A common misconception - even I was once a victom of it in highschool. ::sigh::
At the college level you have several electronic / computer related degrees. Here are a few from my school:
Electrical / Computer Engineering
Electrical / Computer Engineering Technology
Computer Science
Information Systems Engineering
New Media
etc...
"Computer IT" as most people think of it - is not present in college. You go to ITT tech or some 6 week or 2 year school and or you can get a+ certified, Cisco or Microsoft Certified by reading a text and taking a test.
Here is a scenario -
Ford motor company highers Electrical Engineers to put circuitry together to read the cylindar 1 information (fuel, oxygen, cumbustion, etc). A computer science major writes the code that runs on the circuitry. A computer engineer works with both the electrical engineer and the computer science major acting as a median who understands a little of both.

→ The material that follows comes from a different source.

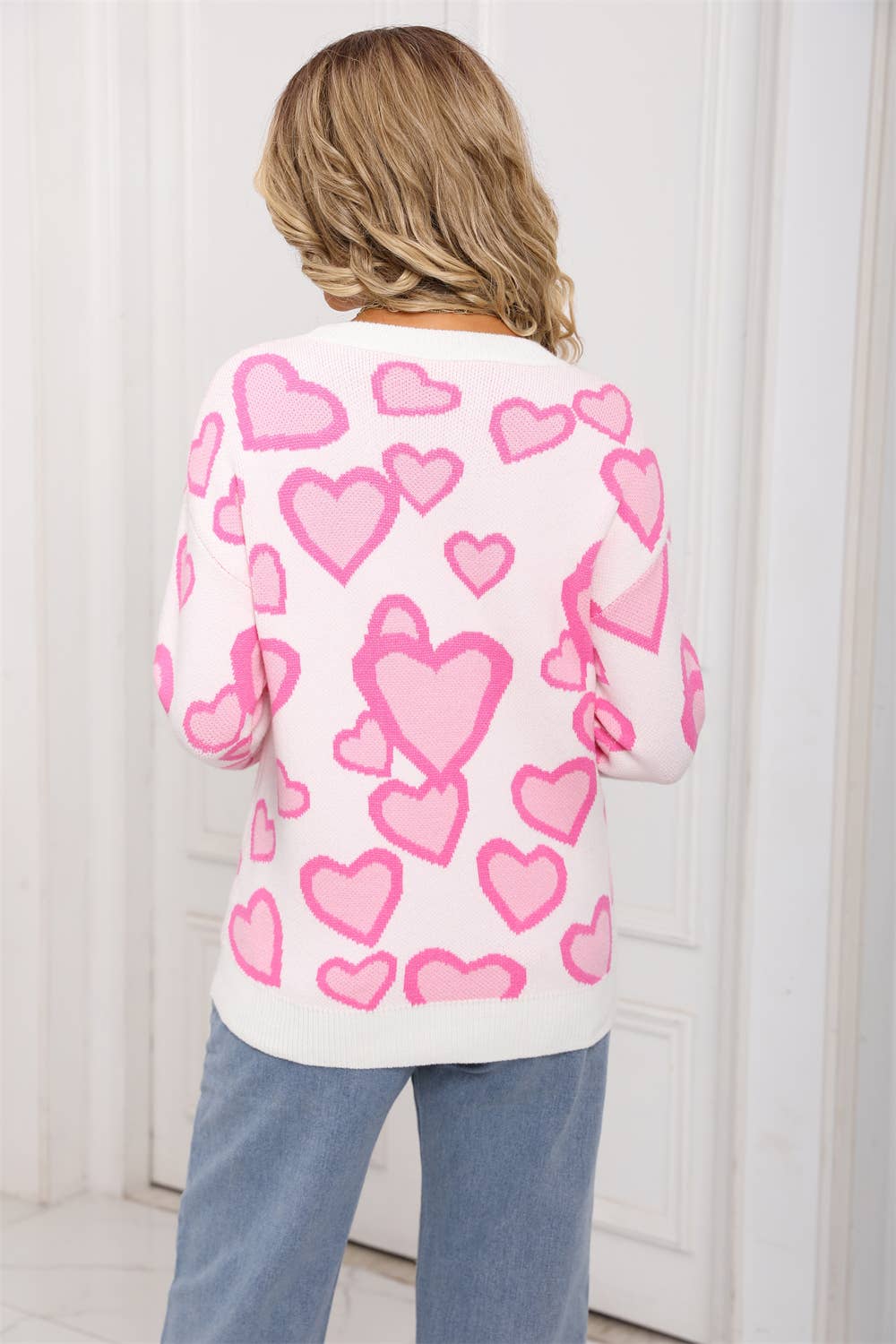 Fashion assorted jacquard love heart sweater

Later on, the circuit fails and they send electrical engineering technology majors to go figure it out and fix it using the diagrams the electrical engineers already made.
It goes into production and when the car's check engin light turns on - they use a handhelld computer to read the coades. The computer itself was made by an electrical / computer engineer but the interactive menu system was designed by the information systems engineer.
scenario over.
Basically, the engineers design, create, understand
the engineering techs figure out, fix, replace
comp science are known as programmers
ISE - intermediate between actions and user experiances - mostly software
new media is visual - photoshop / cad / design / layout
there is also aplication design engineering and many others but way way way way down low way down here are the computer IT people. If you look online you can get an IT job out of highschool for good money if you can use linux - understand windows troubleshooting and can set up networks. All you need to know is how to use servers and your good to go in IT.
I mean think about it - after you buy the parts any kid with a screw driver can assemble a computer. The hardest part is the purchasing of parts.
To answer your original question - depending on what feild you want to get into the schools will vary. One school with a kickbut Computer Science dept might have a crummy engineering dept.
In general Seracuse, Worcester Polytechnic Institute, MIT, North Eastern University are all great schools from the north east. I got accepted to WPI but could not afford the tuition, so I am going to the university of Maine because the university of new hampshire (where I live) has a better Computer Science department but UMaine has a superior Computer Engineering program.